Stupid boy and I have been broken up for about 2 years. Ok, that's 2 years. March of 2007, he ended it w/ me claiming reasons why he didn't want to be w/ me. In the fall of 2006 he had broken up w/ me 23 times probably. Ok, I get the hint, he isn't into me. After we broke up in the spring, I looked back on our relationship and realized he was and asshole. A tried and true ASSHOLE. You would think w/ him being the one to break up w/ me, he would leave me alone. Nope. Not the case at all. From then on, he proceeded to drunk dial me every weekend. Email me. You name it, he bothered me. He wasn't nice when he bothered me either, he called me names like "you stupid bitch" (wait he was the one who dumped me right? RIGHT!) and so fourth. A year ago I will sadly admit I thought to give him another chance. Though w/ family and friends I realized that it was a huge mistake. He had thought it would be a good idea to email me. I let him have it, I ripped into him and told him to never talk to me again, blah blah, he was scum, and so on. Of course he wrote right back (dude did you not just see what I wrote to you?) while over the last year, contact from him as been minimal, there has still been contact. His cousin called me and wanted to know if I wanted to come out for his birthday. Really Beth? You think I would want to come out for his birthday. Ummmm hell to the NO! Then in the Fall, I so luckily ran into him at a Badger football game (he was on the side of the road making out w/ some chick too!). Where he was drunk and then walked by me at least 10 times glaring at me. And of course that made him think it would be a really good idea to call me and talk to me. He called me about 5 times that night wanted to talk. I didn't pick up my phone. Then on a random October night, I get a text from him saying "hi Boo (his old nickname for me) how are you?" And again, what the fk? Why are you contacting me?????? While, sure it's a bit flattering that someone loves me this much, it's a tad bit annoying. That was the last I had heard from him. You would think, my life would be simple now huh? Nope.

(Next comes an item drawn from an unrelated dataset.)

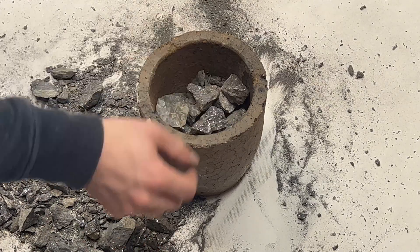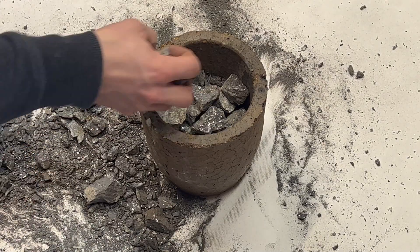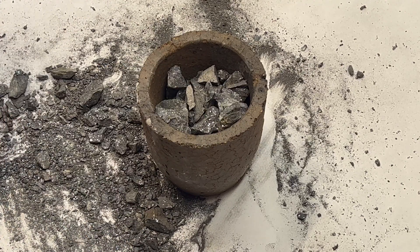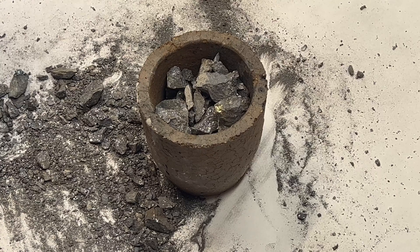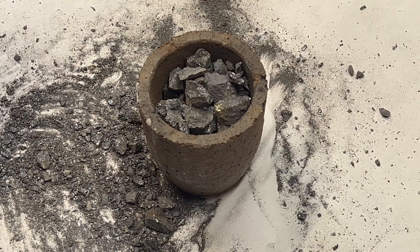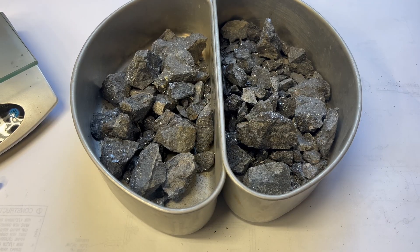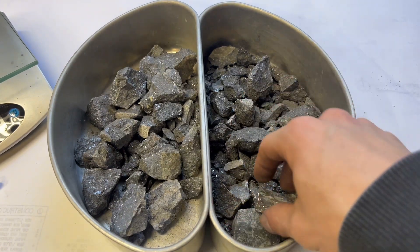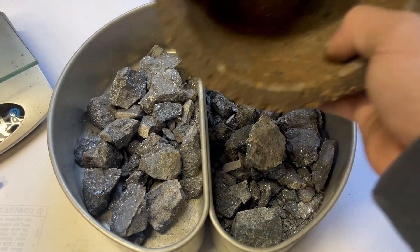Now with all the rock crushed up, I started filling up my crucible, and I quickly realized that I was going to have to do 2 runs — all the ore was not going to fit into 1 crucible. I divided up all the crushed rock into 2 equal portion runs, so that they can actually fit in the crucible along with the flux material that I needed.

My dilemma right now is....during the time stupid boy and I had been together, he had introduced me to his friends. They were amazing people (don't know why they found such a douche bag like him) They were the cutest couple and just a few weeks ago they got married. While I haven't talked to his friends in a while (they moved to Texas and now are back) they were aware of what he had done/did to me. They agreed he was a moron. Last week, I invited them to Bockfest, this awesome beer festival. Then they invited me to their wedding reception that was going to be a casual event here. Of course on the guest list is stupid boy. When I got the invite, he hasn't RSVPED yet to it. I sat there staring at the guest list. I couldn't RSVP just yet. I consulted a ton of my friends and asked them what to do. Some said go, some said don't go. The main reason I don't go is because I don't want him to start to contact me again. Anytime he sees me, he feels the need to contact me. I don't want that. But then part of me sits there and thinks, why he is still controlling my life after 2 years? It's been 2 years, if I want to go to a mutual friends wedding reception, I shouldn't have to sit there and think about and worry about him being there. But that's the reality of it. I do have to worry. On Friday they had sent another evite thing reminding people they needed a head count. And there on the part that says who is coming. Stupid boy wrote "yes, I wouldn't miss it for the world. +1" Sooo he is coming and he is bringing someone. Great. I have no one. I could bring my friend Louise, she said she is more than willing to come with me. But then my girl brain took over and thought to invite The Marine. This fine guy I dated, but then soon turned into a booty call. While him and I aren't in contact all the time, we will text once in a great while to see what's up. Visions of me and the Marine walking into the reception together made me happy. The Marine is a fine guy. Damn good looking. But am I only going to spite Stupid Boy? I don't know. If he wasn't going to be there, I'd go and bring Louise since I won't know anyone there but the couple and Stupid Boy. But he is going to be there. I'm stuck. I did already put that I was going. But I think I should not go. I need to not see him. And ironically the wedding reception is on our 2 year anniversary of being broke up.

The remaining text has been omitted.